▶ **Problem requirements**
The result should be the lines from the one holding "Colmar: Highlights Walking" to the end of the records below, repeated exactly. No pictures.

▶ **Available data**

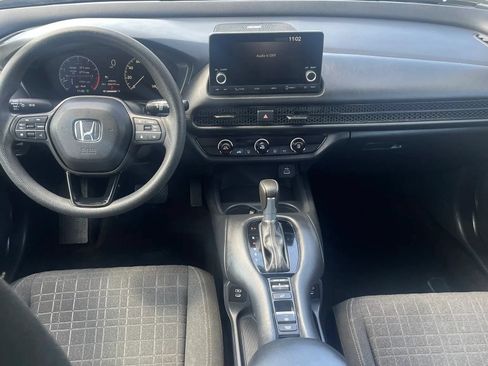 Used 2025 Honda HR-V LX image 11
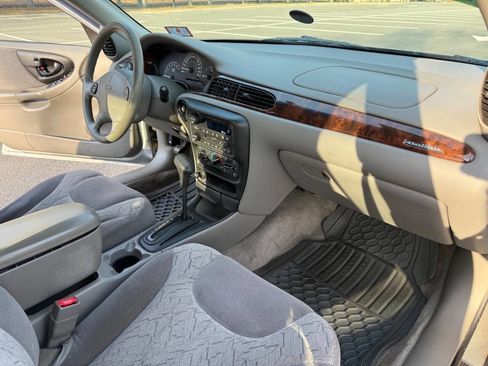 Used 2002 Chevrolet Malibu LS image 18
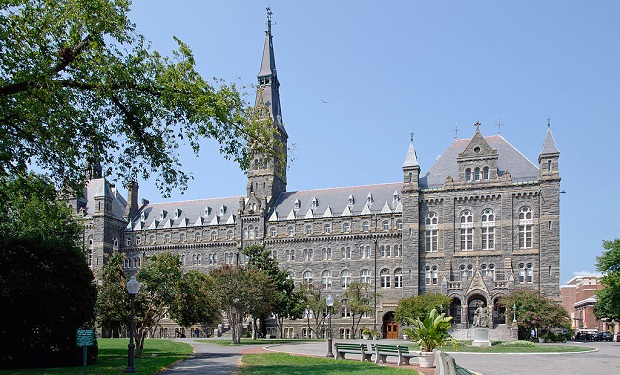 Georgetown_University_entrance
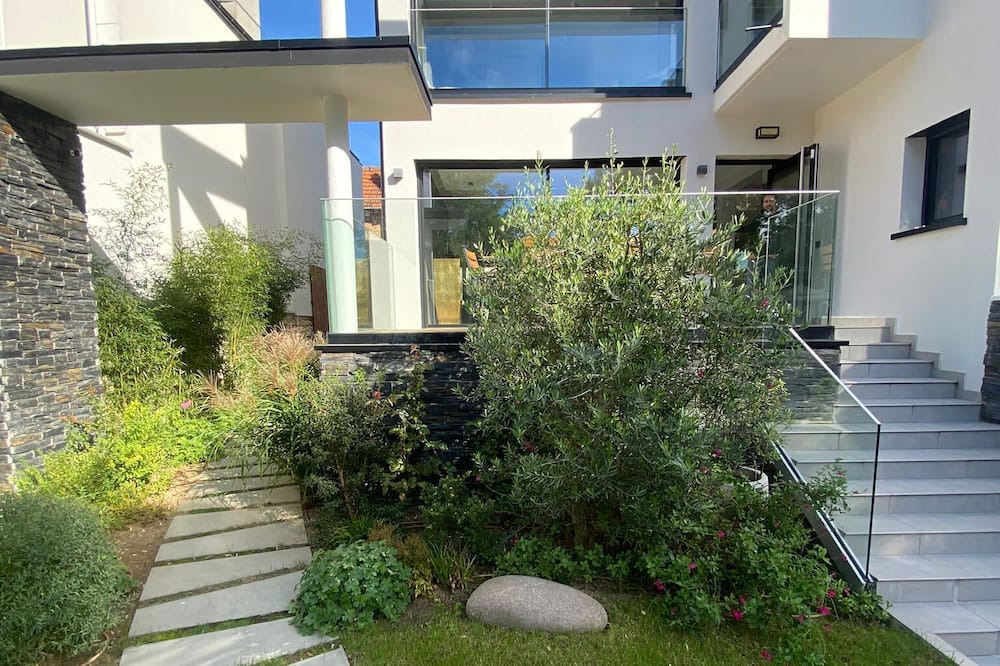 Photo of Outdoor in La Varenne Saint-Hilaire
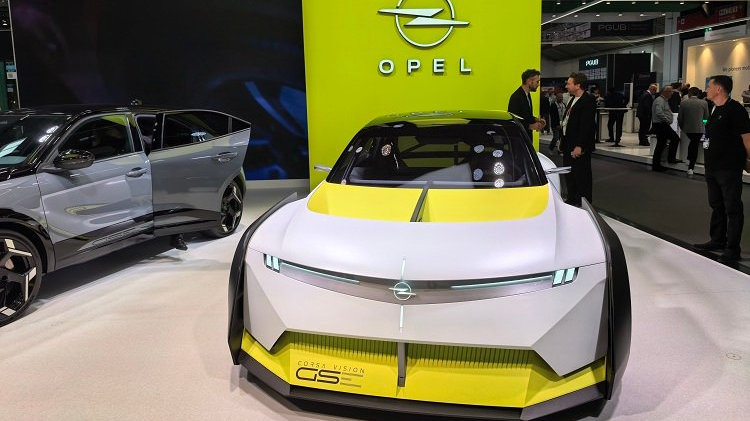 仅靠三台车撑场面？Opel亮相慕尼黑车展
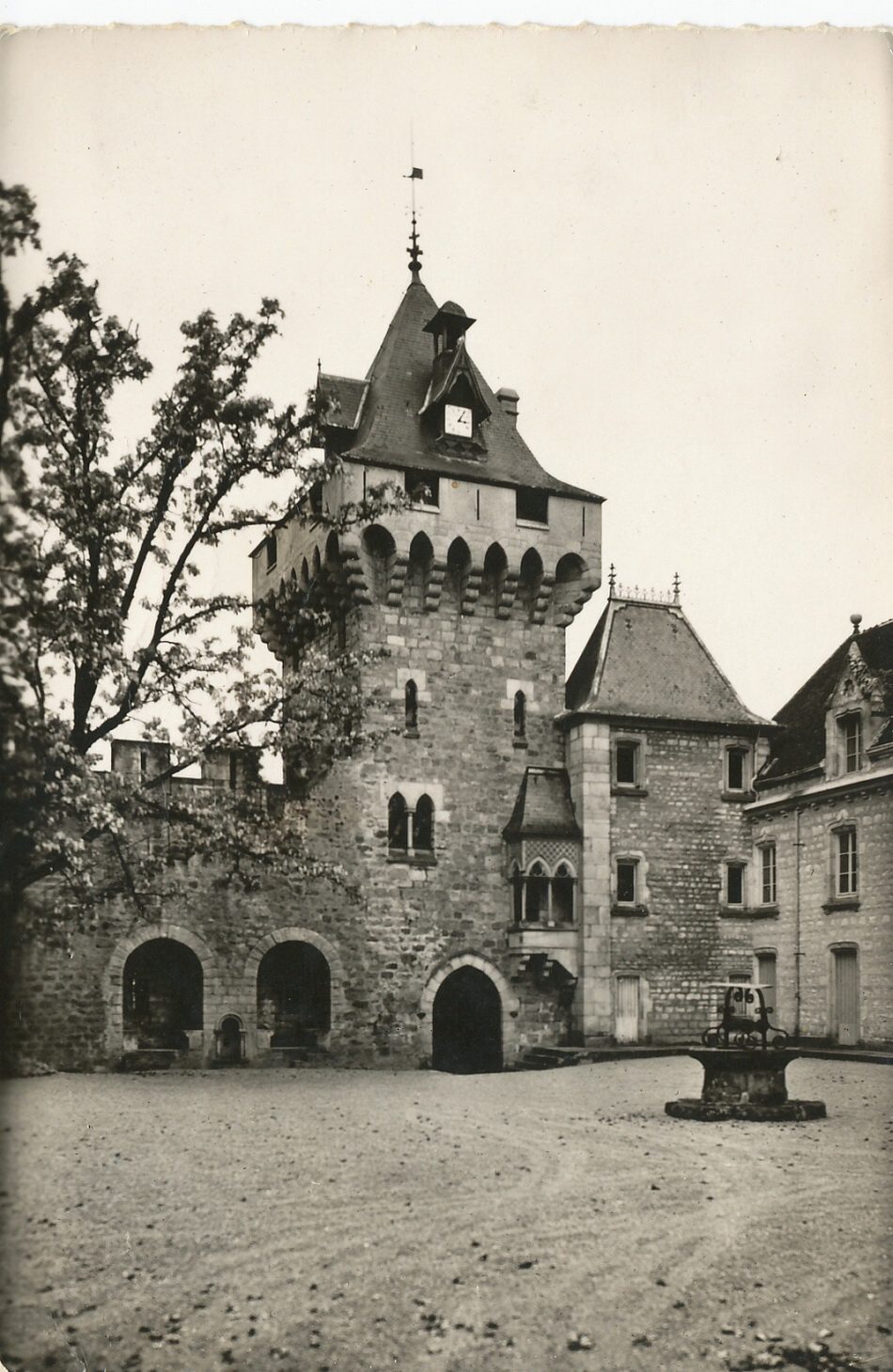 Montceau-les-Mines. Tour du château du Plessis.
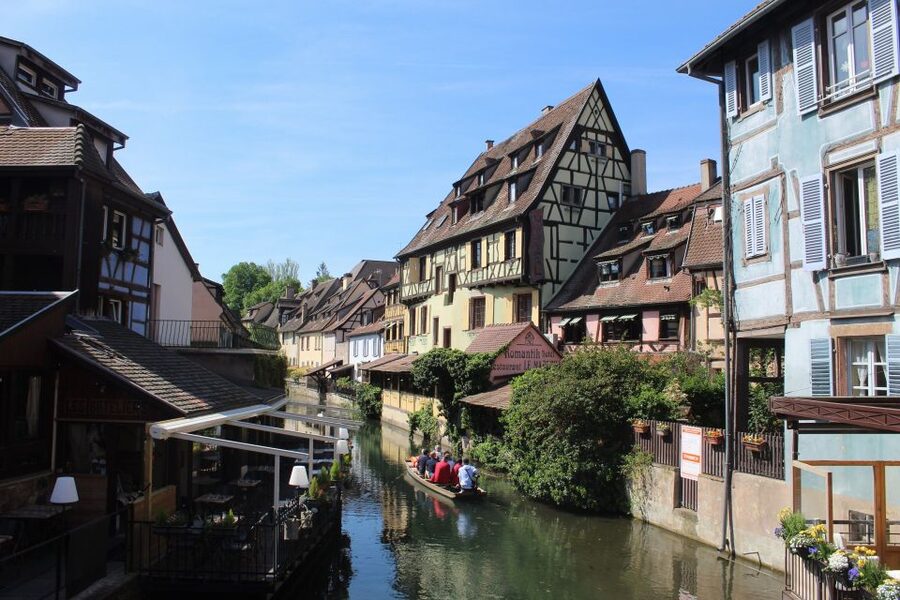 Colmar: Highlights Walking Tour and Wine Tasting - The French and German story behind the streets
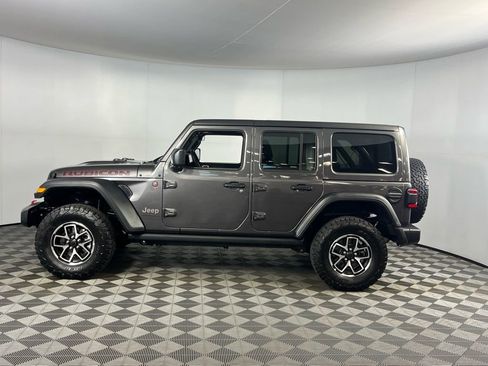 Used 2025 Jeep Wrangler Rubicon image 10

▶ **Expected output**
 Colmar: Highlights Walking Tour and Wine Tasting - The French and German story behind the streets
 Used 2025 Jeep Wrangler Rubicon image 10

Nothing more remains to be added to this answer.